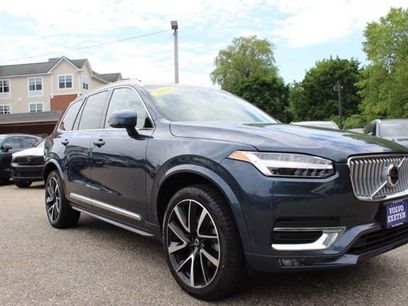 Used 2024 Volvo XC90 B6 Ultimate w/ Lounge Package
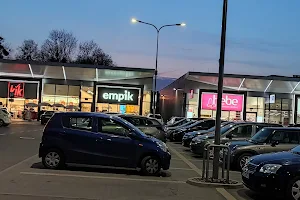 Empik image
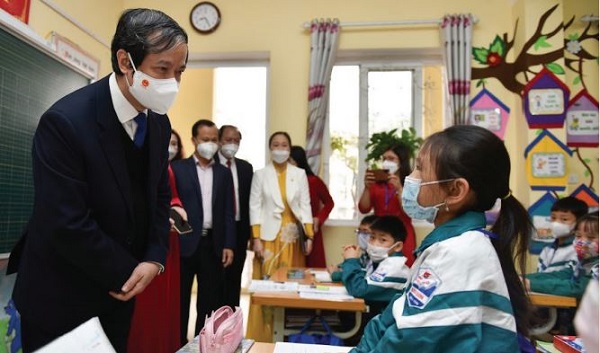 bo truong bo gd dt nguyen kim son hinh thanh nen tang so cho mot xa hoi hoc tap 03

(PROMPT)
Would you restate word for word only the lines from the one containing "Empik image" to the final line of the material, both ends included, without any pictures?

(ANSWER BOX)
 Empik image
 bo truong bo gd dt nguyen kim son hinh thanh nen tang so cho mot xa hoi hoc tap 03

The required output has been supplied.